PHILADELPHIA-Pittsburgh-based US Steel has entered into an agreement with New York-based private equity fund, Apollo Management L.P., to sell its coke operations in Clariton, PA and Gary, IN, along with its Minntac iron ore operations in Mt. Iron, MN and Transtar, its wholly owned railroad/barge transportation services subsidiary, to a new entity being formed by Apollo for $500 million. US Steel, which is the largest steel maker in the US, will retain a 20% interest in the new company.

The deal provides U.S. Steel with capital to “redeploy capital to other potential uses, such as strategic acquisition opportunities, debt reduction or voluntary contributions to employee benefit plans,” says Thomas Usher, chairman, president and chief executive officer, in a statement. At the same time, the deal secures “a stable, long-term supply of our critical raw material requirements,” he adds.

A year ago, US Steel was split from Houston-based Marathon Oil Corp., a move that, according to published reports, cost the steel company several hundred million dollars in debt refinancing. US Steel has publicly announced plans to lead the domestic steel industry in consolidations, and Wall Street analysts have speculated that as many as a half dozen smaller domestic producers could be targets for acquisition.

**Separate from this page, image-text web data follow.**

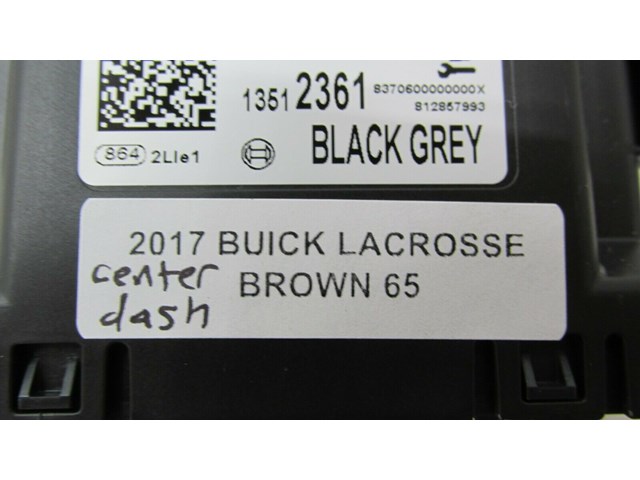 2017-2019 BUICK LACROSSE OEM  PARK ASSIST CONTROL MODULE 13512361        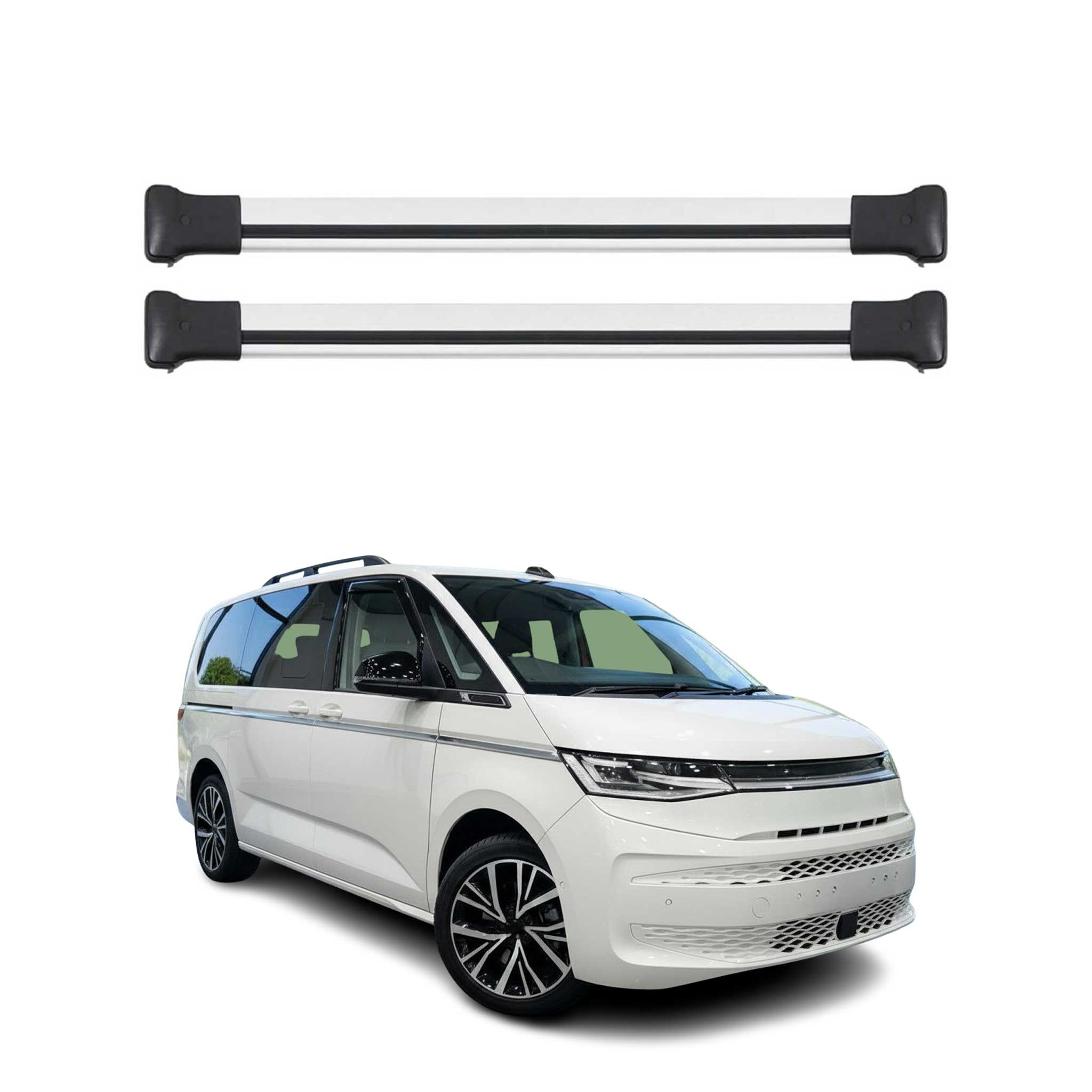 Dachträger Grundtäger für VW T7 Multivan 2021-2026 75kg Aluminium Silber 2 tlg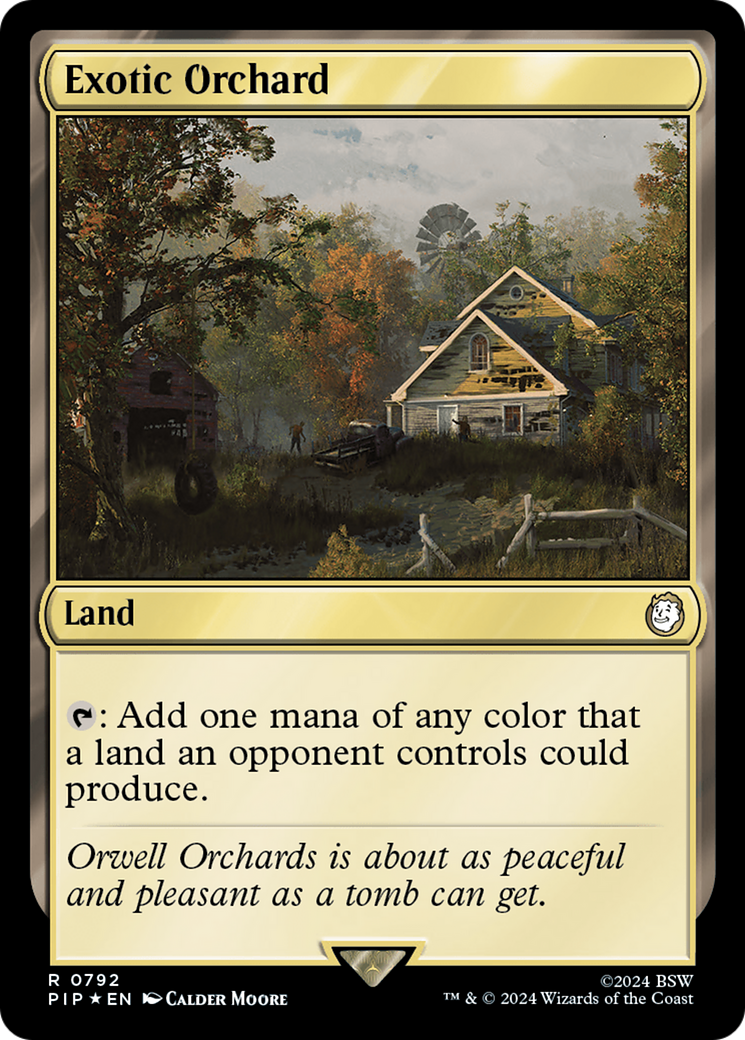 Exotic Orchard (Surge Foil) [Fallout] | GnG Games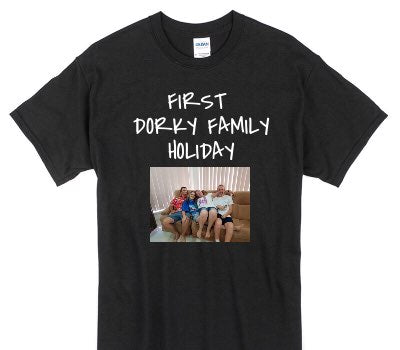 Custom Gildan 100% Cotton Black T-Shirt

Charles Gedeon, current executive vice president of raw materials, announces he will resign from US Steel to head the new company. The company formed by Apollo will assume “all collective bargaining agreements, certain benefit obligations and certain other liabilities,” according to the statement.

The transaction is subject to US Steel shareholders’ approval and the negotiation of unspecified agreements and conditions. The parties are expected to reach definitive agreements by the end of this year and close the deal in the first quarter of 2003.